The New South Wales Jewish Board of Deputies has called on Football Australia to issue lifetime bans to fans found to have displayed Nazi symbols and salutes during Saturday night’s Australia Cup final.
On Sunday, Football Australia said it will review all the video footage and images it has available from Saturday night’s Australia Cup final in Sydney after it was widely reported that some fans did the “Hitler salute”.
At Commbank Stadium, a near-record crowd of 16,461 saw Macarthur FC beat Sydney United 58 2-0.
But the match was marred by “anti-social behaviour” and eight people were ejected from the stadium during the final, Football Australia said in a statement.
According to Australian media reports, some fans chanted and booed during the Welcome To Country ceremony, a sacred indigenous tradition.
Images on social media also appeared to show Nazi salutes performed by some supporters of Sydney United 58, a club founded by Croatian immigrants in 1958.
Football Australia, the sport’s governing body, said it would hold discussions with Sydney United 58 and warned the club and individual fans could face sanctions.
Sydney United 58 did not immediately respond to CNN’s request for comment.
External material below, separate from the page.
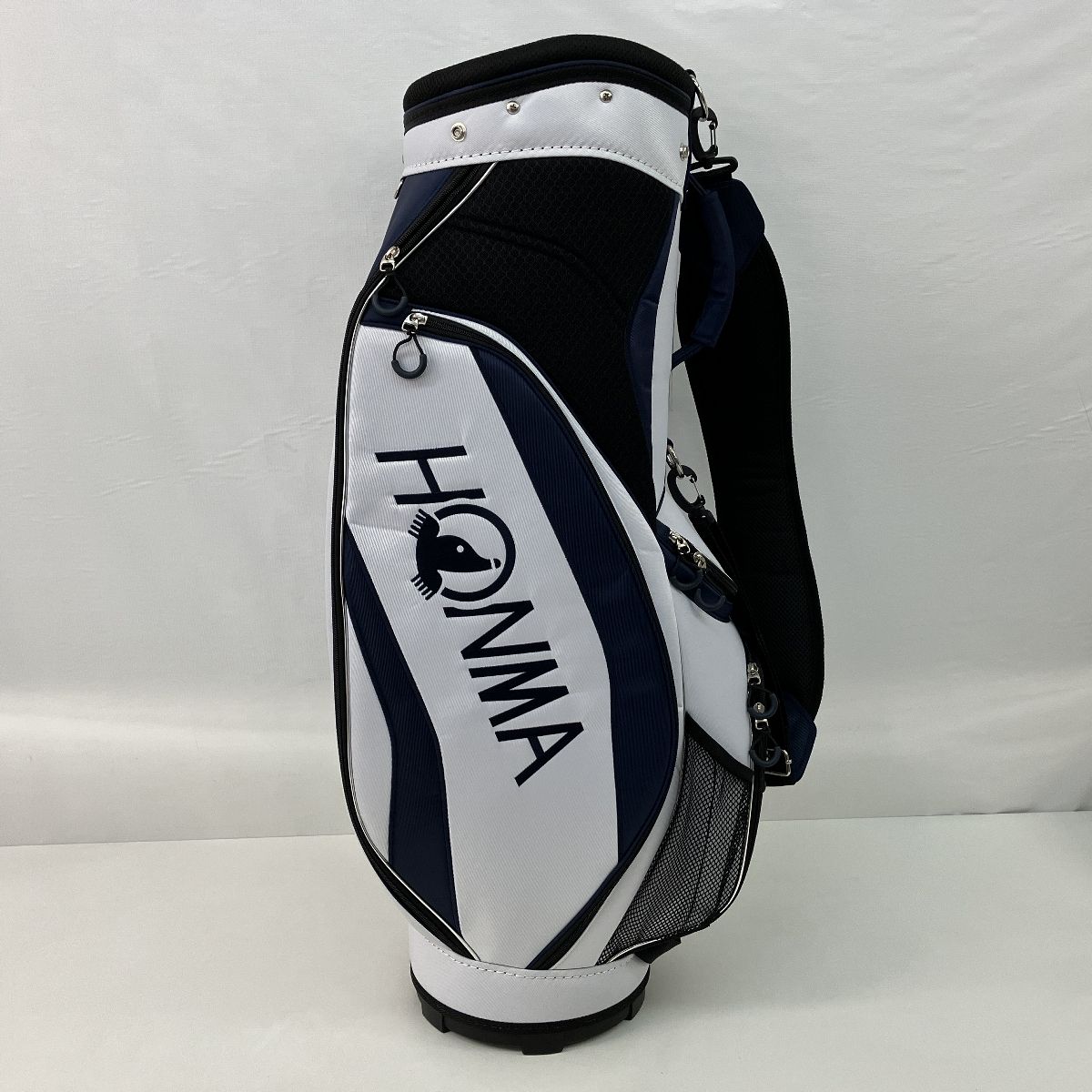 HONMA キャディバッグ CB-1732 5口 9型 ホワイト×ブルー ゴルフ HONMA キャディバッグ CB-1732 5口 9型 ホワイト×ブルー ゴルフ
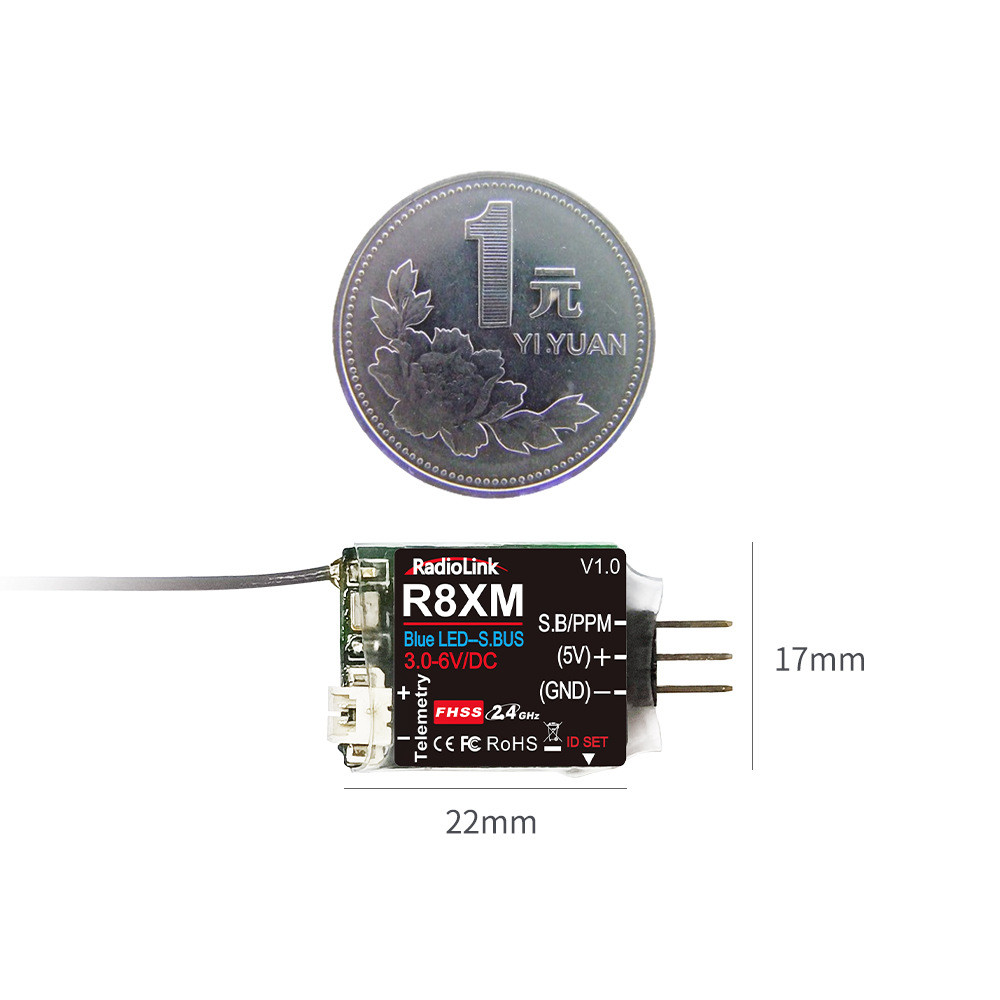 热销r8xm穿越机回传功能  飞行距离4000m 集成 打窝船,远航fpv固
In its statement, Football Australia said it “strongly condemns the actions of a small minority of individuals who engage in behavior inconsistent with Football Australia’s values and wider societal expectations.”
It added: “Football Australia is today assessing all available footage and images of certain individuals which are of concern to our organization and the wider Australian football community, including the display of the ‘Hitler salute’.”
The governing body said it was “working closely” with stadium management and New South Wales Police and would take “strong and swift action.”
Darren Bark, chief executive of the NSW Jewish Board of Deputies, said in a statement to CNN: “These disgusting symbols and greetings have no place in modern Australian society. They represent the ultimate manifestation of evil – an evil that led to the murder of millions of innocent civilians during the Second World War, including six million Jews and thousands of Australian diggers who lost their lives fighting the Nazis during the Second World War.”
He added that the board “calls on the governing body to take strong action against any fan who participated in these acts, including the implementation of lifetime bans.”
“Football Australia should also work with Sydney United to address the worrying views held by some of its fans,” he continued.
Crowd noise during the Welcome to Country, performed by Erin Wilkins before the match, “reached unacceptable levels,” Football Australia acknowledged.
“We regret that this happened and are reviewing all available footage and audio to further analyze the incident,” it said in its statement.
“Football Australia has been in direct communication with Erin Wilkins during and since the game and will continue to receive her and the Football Australia National Indigenous Advisory Group’s guidance on this matter.”
Craig Foster, former Sydney United and Australia player, tweeted: “All involved must be held accountable, including the club.”
Football Australia co-CEOs Beau Busch and Kathryn Gill said in a statement: “On the field, the game reflected the universal values of fairness, respect and courage that should define our sport. Unfortunately, those values were shattered in the stands.”
The statement added: “Our sport must now respond and the players are required to play an important role. An effective response will not be developed by focusing on whether these actions were inflicted by a minority.”